By Cassie Baudouin
I promise, I will get to the books.
Is it hot in here, or has misogyny become everyone’s favorite hobby? Ayesha Curry recently posted a photo from Sweet July’s BODY feature where she posed nude, but nothing was shown, “Shins and shoulders, y’all,” she said in her caption. While the comments were sprinkled with people singing her praises, it was also drowning with 1950’s rhetoric from both men and women.
Actual comments included, “Steph, get your wife,” “I smell a DIVORCE!!!,” “I am sure the attention you wanted will occur now,” which… huh? “I don’t think Curry would like this,” “Did Curry greenlight this?” One more time, “Did Curry greenlight this,” “You belong to the Streets,” and thousands more of the same sentiment that I can’t get into because they make me itch.

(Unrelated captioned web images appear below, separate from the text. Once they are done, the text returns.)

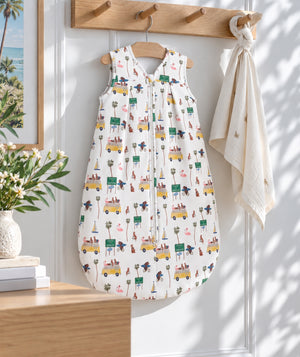 Road Trip print baby sleep sack for nighttime babywear.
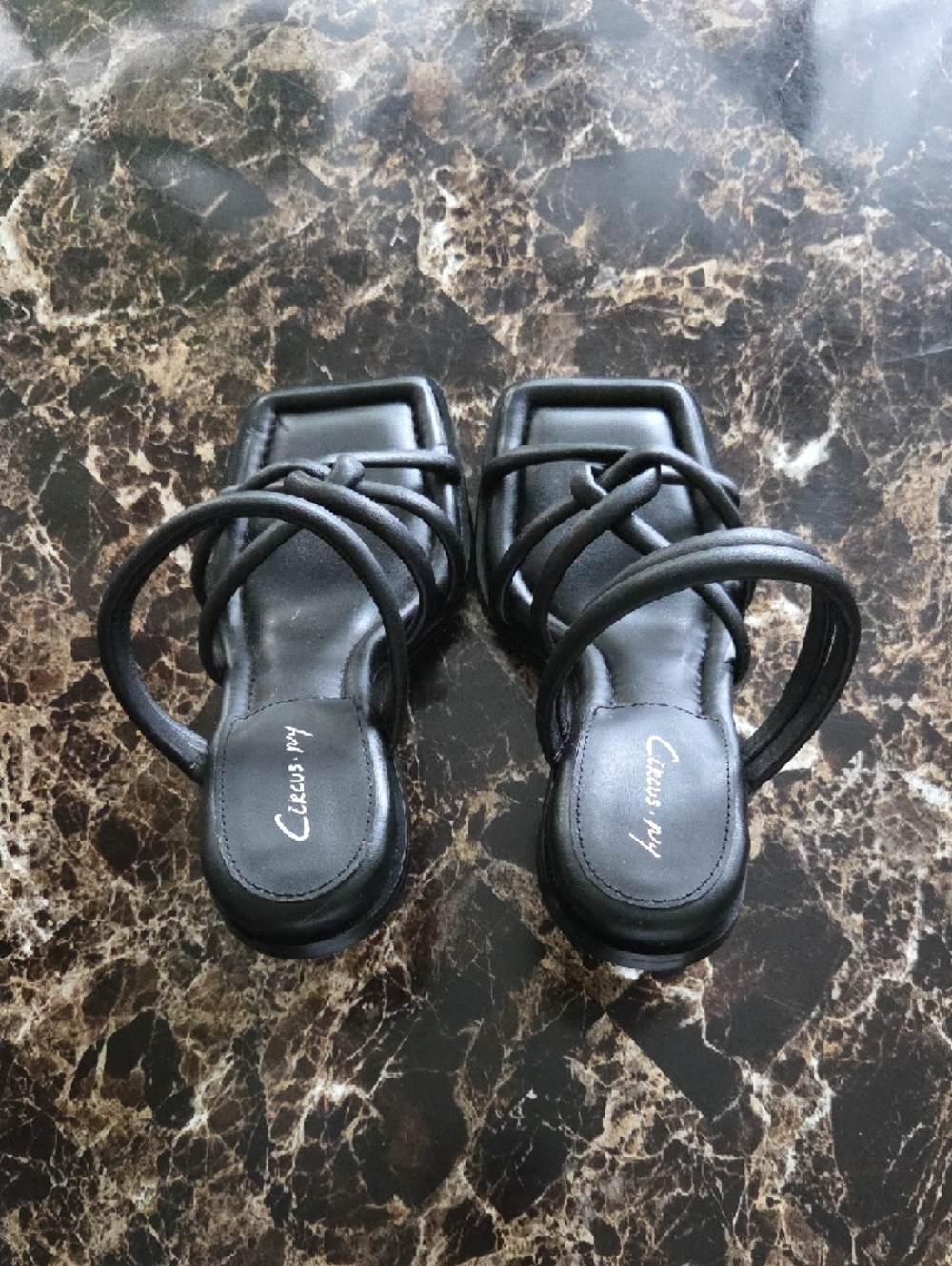 Circus by Sam Edelman Black Knotted Strappy Square-Toe Slide Heels - Picture 3 of 5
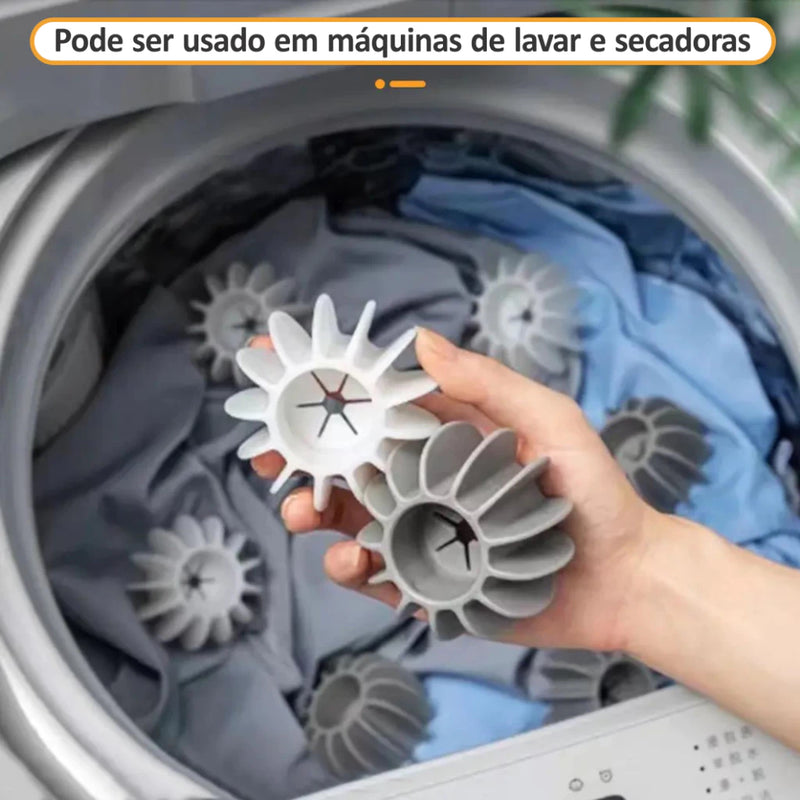 Bolas de Silicone EcoWash | Lavagem Segura Sem Danificar o Tecido | Kit 6 Unidades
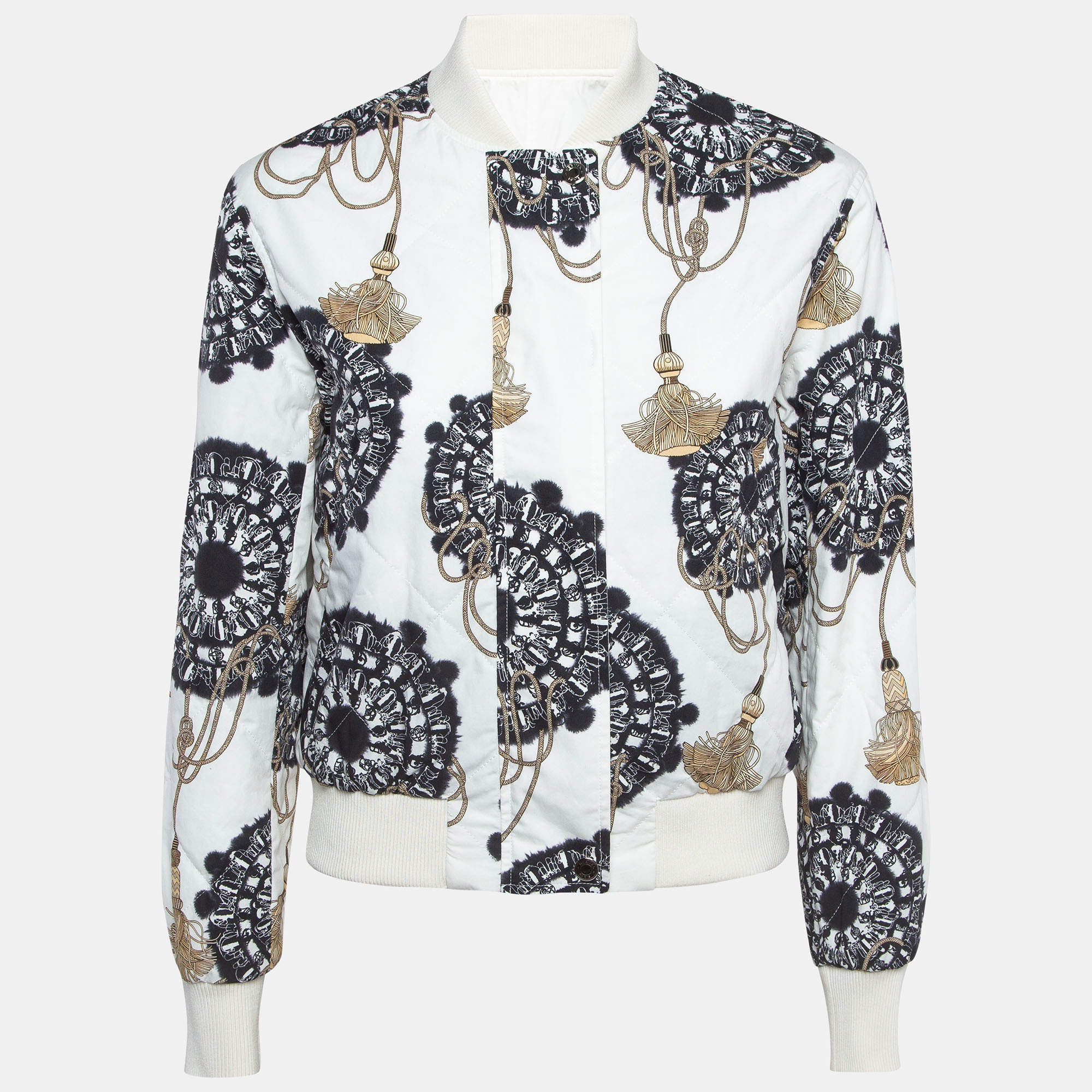 未使用 Hermes/爱马仕 满印花卉拉链外套 白色/38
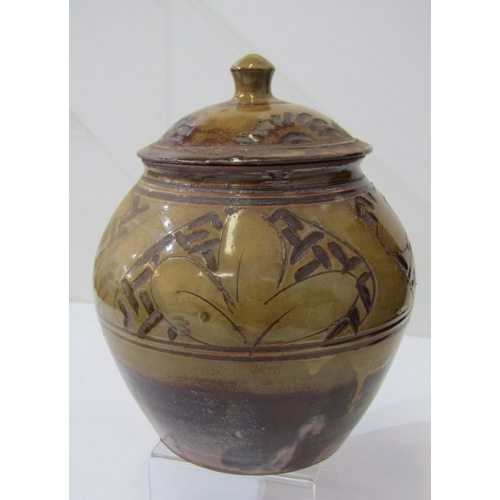 55 - WENFORD BRIDGE POTTERY, 2 Wenford Bridge pottery jars and covers, both with incised brown floral and...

Find something else to do — you must be tired by now. Many also quoted her own words from 2015 when she said something along the lines of “keeping the goods for my man,” after she saw someone leaving a Starbucks in only nipple pasties. Seems like a different situation, but I digress. It also seems like six years ago.
This is not too long after the internet came down the throat of half of music duo ChloexHalle, Chloe Bailey, for being “too sexy” on Instagram with ridiculously heinous comments, even though she’s probably worn equally or more revealing clothes and said more explicit things in her recent performances and received nothing but praise for all of them.

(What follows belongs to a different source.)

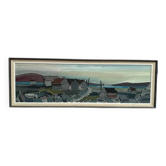 XL Original Swedish Oil on Canvas “Coastal Village” by Bo Sjöberg –Signed
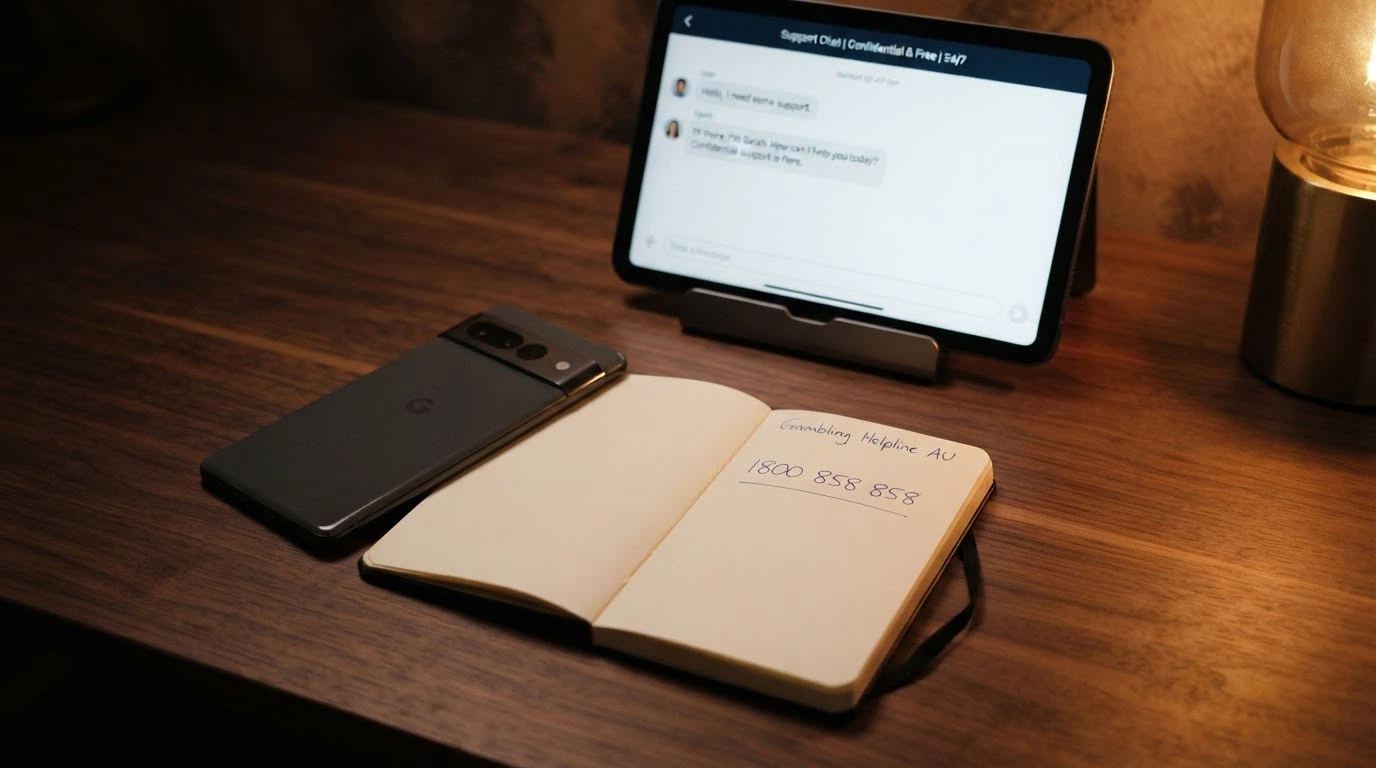 A phone handset on a desk beside a notebook with “1800 858 858” written on it, the Gambling Help Online logo visible on a screen behind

Is it because of quarantine? Is it because we’re coming up on a year in a Panera Bread? Is there truly nothing else to do but be a misogynist on the internet? Go pay your taxes. Literally do anything else.

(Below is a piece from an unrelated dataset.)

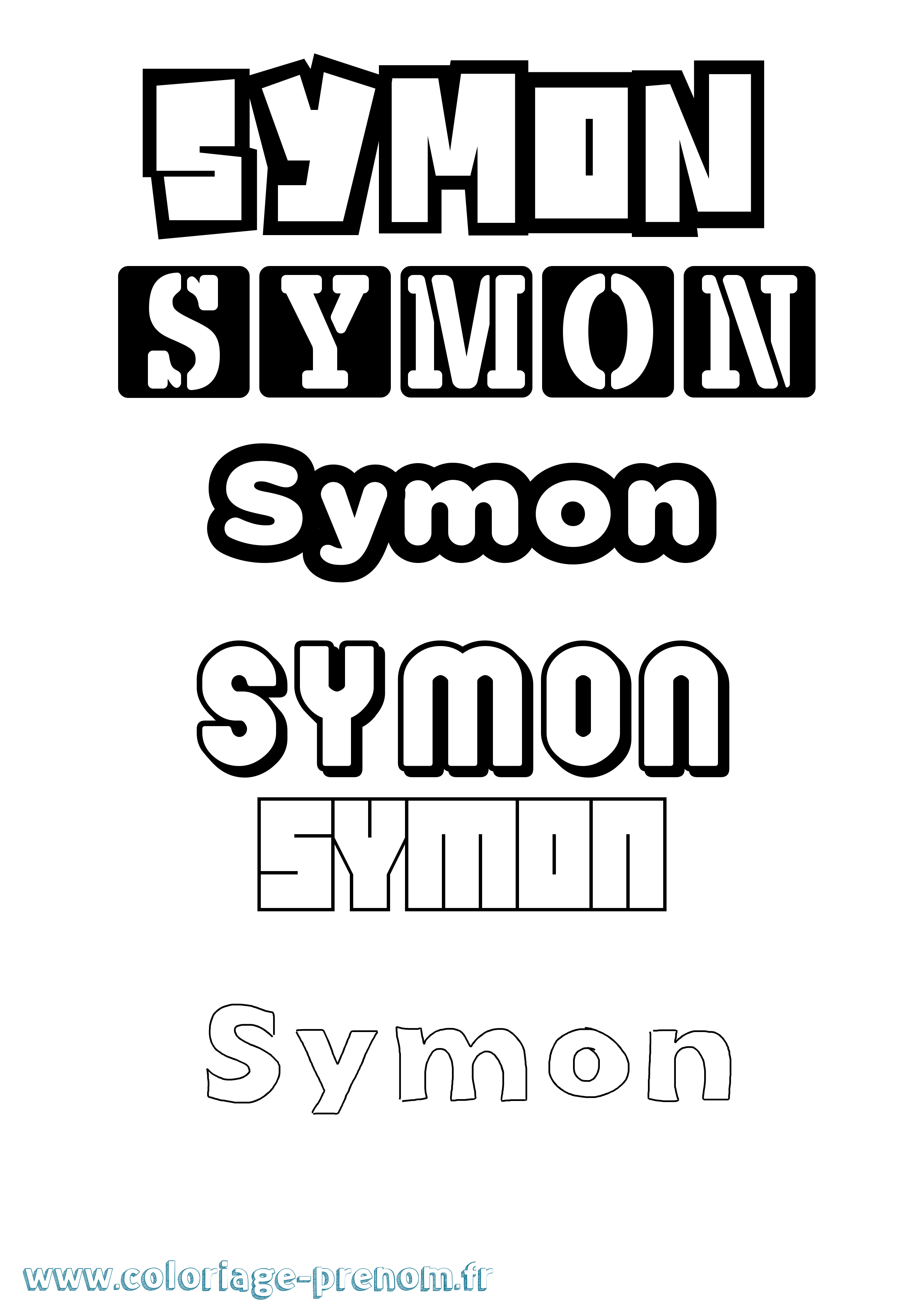 Coloriage prénom Symon Simple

These are actual grown, adult women with autonomy. Not Hester Prynne. The sexualization of black women specifically is not a new conversation. It’s an issue that goes back centuries, having roots in slavery, but that’s a discussion for another day. Our sexual liberation is often given to us, not freely grown into.
That’s why young black girls are treated like they’re older than their non-black counterparts, and adult black women have to defend themselves against comments like this all the time. You aren’t allowed to be sexual until I say you can. That sentiment, though not said out right, could be coming from anyone you can think of, including other black women. Especially the ones from older generations that were not as free as women are now.
And so today, I have some books for you. I couldn’t not do that. Books about Women, being autonomous Women, doing Womanly things, and telling Women’s stories, because we are actual people that exist, with our own individual experiences and journeys:
Their Eyes Were Watching God by Zora Neale Hurston
Janie Crawford is setting out to be her own person. A black woman in the 30’s, her quest for identity brings her through three marriages and back to her roots.
The Vagina Monologues by Eve Ensler
This classic play was first performed in 1996. A nontraditional book with sections dedicated to sexual consent, body image, sex work, reproduction, etc. Vastly intersectional for it’s time, Ensler’s work aimed to give a voice to women of many races, identities, and experiences.
The Color Purple by Alice Walker
Another deeply intersectional classic that broke the silence around domestic and sexual abuse when published in 1982. Walker richly portrays the lives of Black women in Georgia during the early 20th century through their pain, struggle, companionship, growth, resilience, and bravery.
Circe by Madeline Miller
Daughter of Helios and Perseis, Circe is an “other” from the day she’s born. She’s told she’s ugly, less than, and useless all her life. When she’s banished to Aiaia for being a “witch”, for being too powerful, more powerful than her father and brother, she goes on a journey to become the goddess that she is.
Three Women by Lisa Taddeo
Taddeo introduces three different women with an incredibly nuanced, complicated, and messy view of their desires, infatuations, and heartbreaks. It’s nonfiction told in a very “fiction” way that reminds us that we’re not all that different.
Sister Outsider by Audre Lorde
A collection of essays exploring difference according to sex, race, and economic status. Lorde also brings a black, queer, feminist perspective to the larger cultural conversation that has often lacked intersectionality.
She Would Be King by Wayétu Moore
A magical realistic retelling of Liberia’s formation. Gbessa is at the forefront of a tense relationship between African American settlers and indigenous tribes as a new nation forms around her and two others, and their gifts. Narrated by the spirit of the wind, saying of Gbessa, “If she was not a woman, she would be king.”
That’s all I got this week, folks. Happy reading! Wash your hands, wear your masks, lend a smile, and let women live.